RFR: 8319799: Recursive lightweight locking: x86 implementation

Mon Nov 13 10:33:58 UTC 2023

On Fri, 10 Nov 2023 14:51:46 GMT, Roman Kennke <rkennke at openjdk.org> wrote:

>> Implements the x86 port of JDK-8319796.
>> 
>> There are two major parts for the port implementation. The C2 part, and the part shared by the interpreter, C1 and the native call wrapper.
>> 
>> The biggest change for both parts is that we check the lock stack first and if it is a recursive lightweight [un]lock and in that case simply pop/push and finish successfully.
>> 
>> Only if the recursive lightweight [un]lock fails does it look at the mark word. 
>> 
>> For the shared part if it is an unstructured exit, the monitor is inflated or the mark word transition fails it calls into the runtime.
>> 
>> The C2 operates under a few more assumptions, that the locking is structured and balanced. This means that some checks can be elided. 
>> 
>> First this means that in C2 unlock if the obj is not on the top of the lock stack, it must be inflated. And reversely if we reach the inflated C2 unlock the obj is not on the lock stack. This second property makes it possible to avoid reading the owner (and checking if it is anonymous). Instead it can either just do an un-contended unlock by writing null to the owner, or if contention happens, simply write the thread to the owner and jump to the runtime. 
>> 
>> The x86 C2 port also has some extra oddities. 
>> 
>> The mark word read is done early as it showed better scaling in hyper-threaded scenarios on certain intel hardware, and no noticeable downside on other tested x86 hardware. 
>> 
>> The fast path is written to avoid going through conditional branches. This in combination with keeping the ZF output correct, the code does some actions eagerly, decrementing the held monitor count, popping from the lock stack.
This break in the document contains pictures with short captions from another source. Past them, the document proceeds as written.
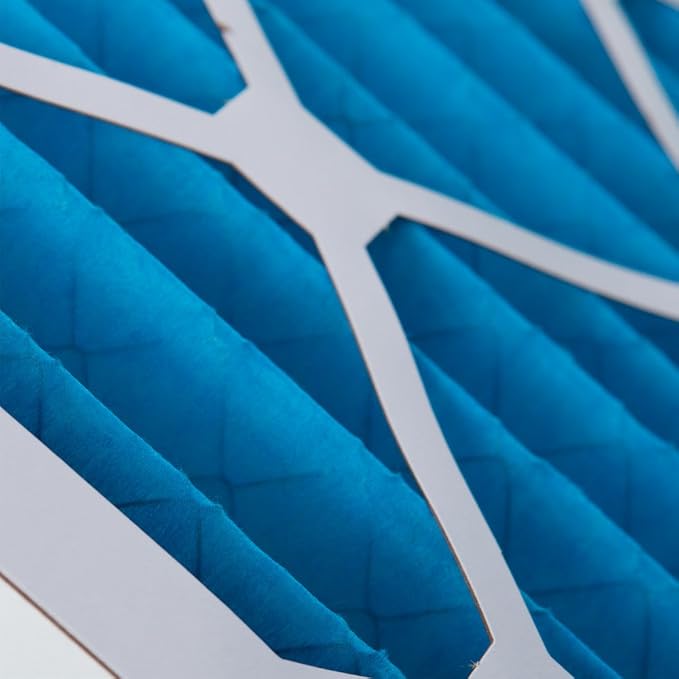 Nordic Pure 20x20x1 Pleated MERV 7 Air Filters 2 Pack
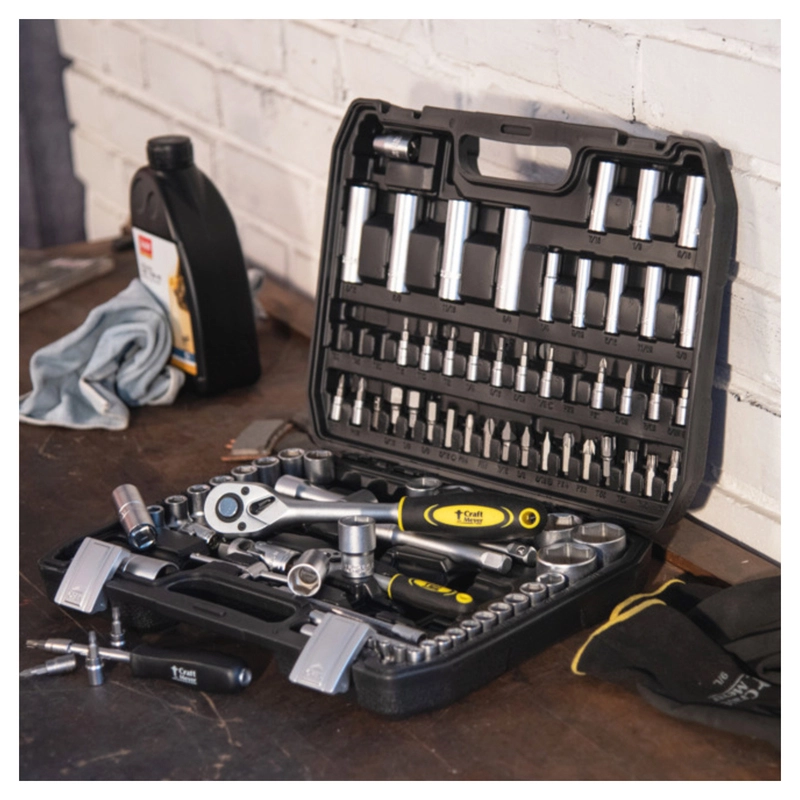 Socket Wrench Set 94-piece inch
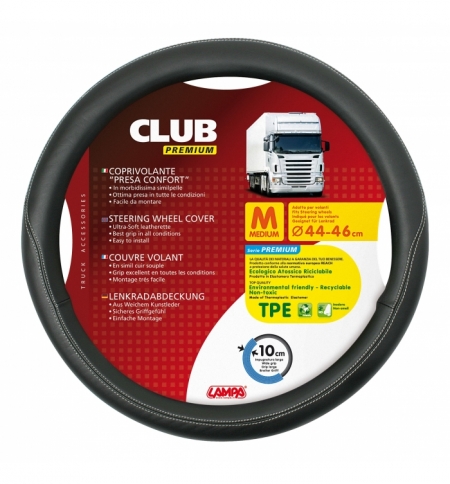 Coprivolante  club  premium nero+nero  m  44-46 cm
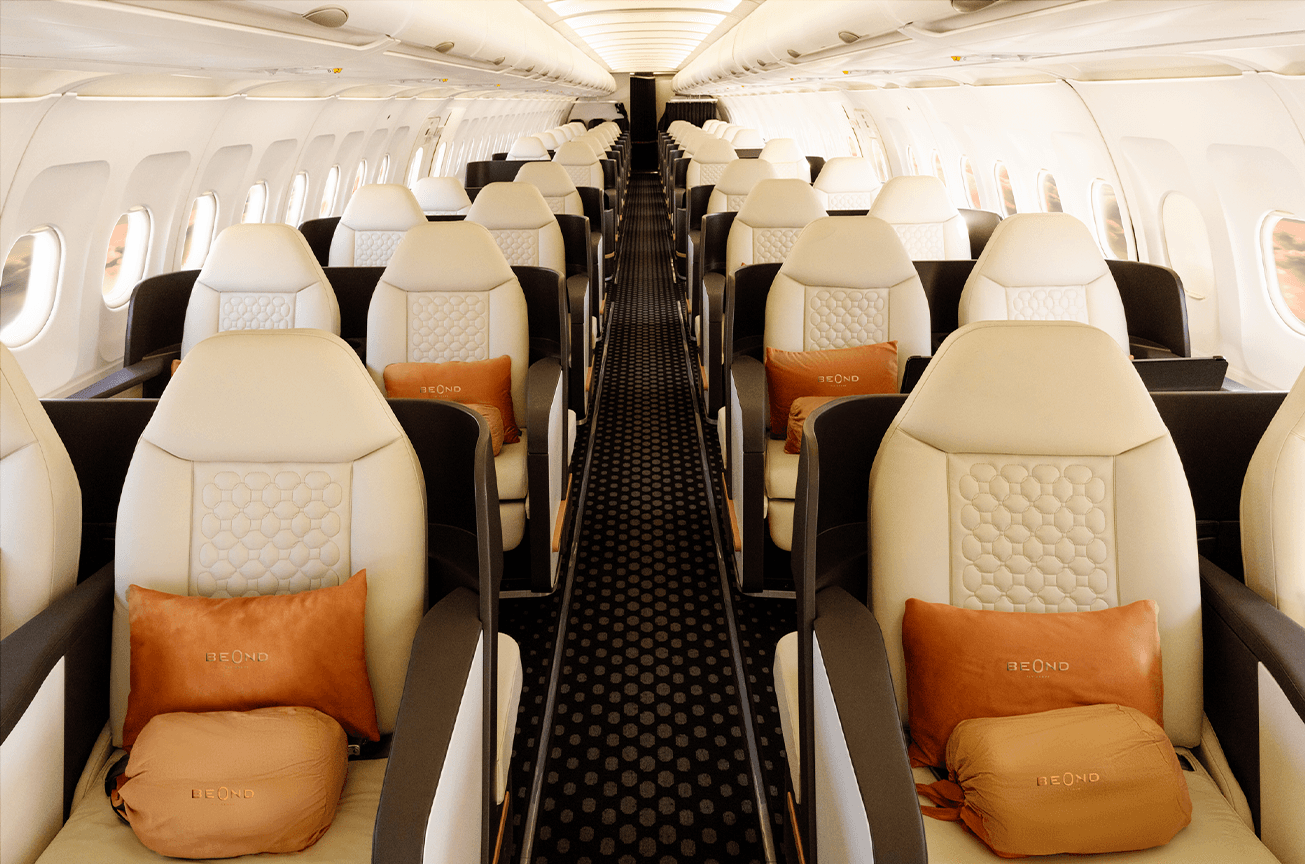 No economy cabin, no middle seats, just premium comfort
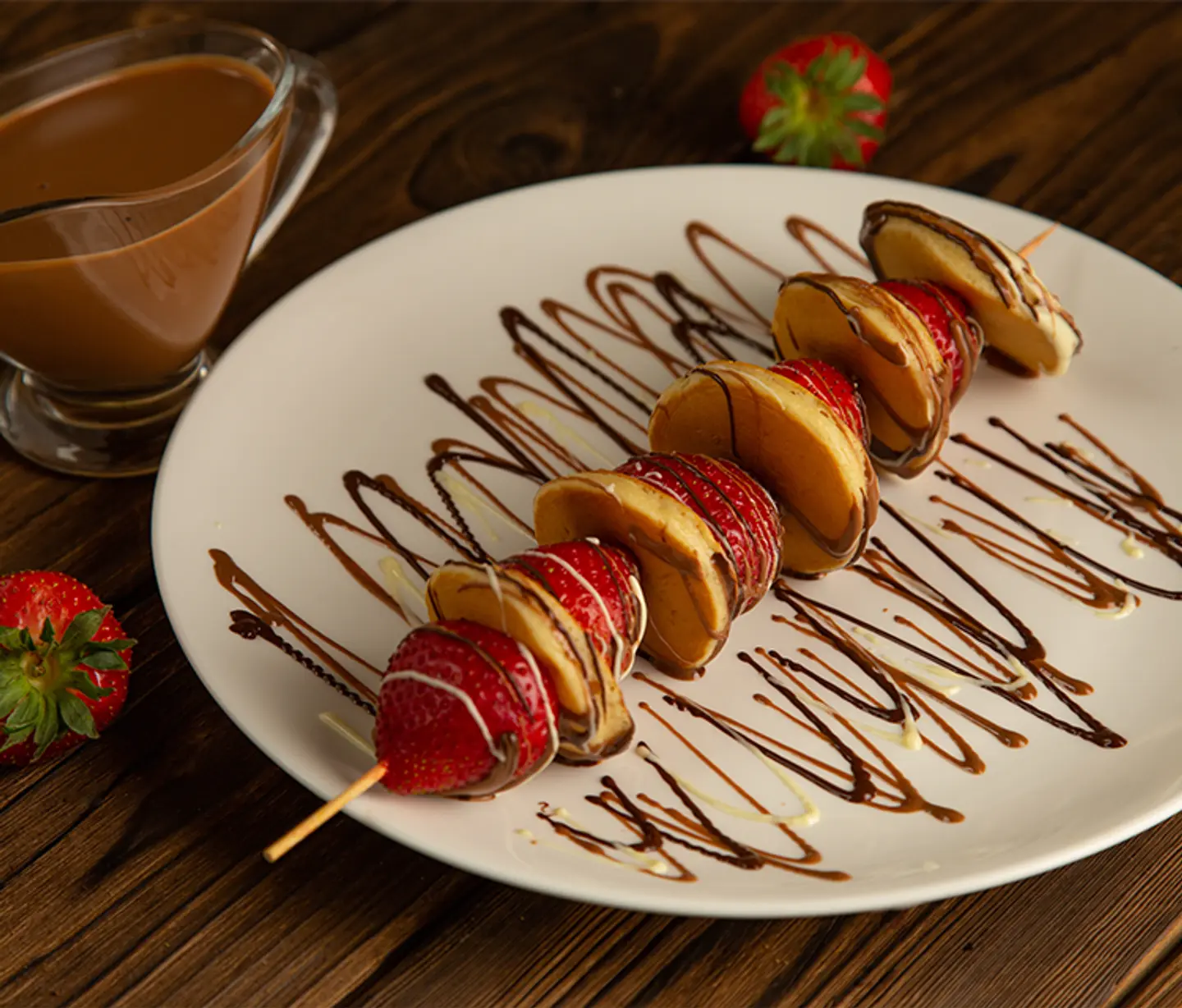 Strawberry Pancake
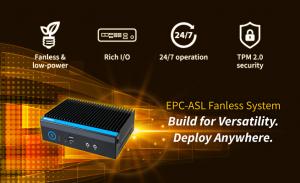 Avalue Introduces EPC-ASL: Compact Fanless Embedded System for Edge Intelligence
And jumps to a code stub if a slow path is required which restores the thread local state to a correct state before jumping to the runtime.
>> 
>> The contended unlock was also moved to the code stub.
>
> src/hotspot/cpu/x86/c2_MacroAssembler_x86.cpp line 979:
> 
>> 977:     jccb(Assembler::equal, push);
>> 978: 
>> 979:     // Check for monitor (0b10).
> 
> It baffles me a little bit that we check for the monitor only after we checked for full-lock-stack and recursive locking. This means that if the object is monitor-locked, it has to wait for 3 loads (mark-word, top-of-stack-offset and top-of-stack) and two (pointless) test-and-branches. This seems to optimise the lw-locking case at the expense of monitor-locking case. I'm not sure that this is the right trade-off. You said in the description that this scales better? Can you elaborate on that?

I believe you are correct. In fast_lock it might be better to check for monitor first. 

Have to run some more benchmarks. But running some (single threaded un-contended) micros show that moving monitor check in lock has modest improvements on inflated locking and very minor, if any regressions on lightweight locking. 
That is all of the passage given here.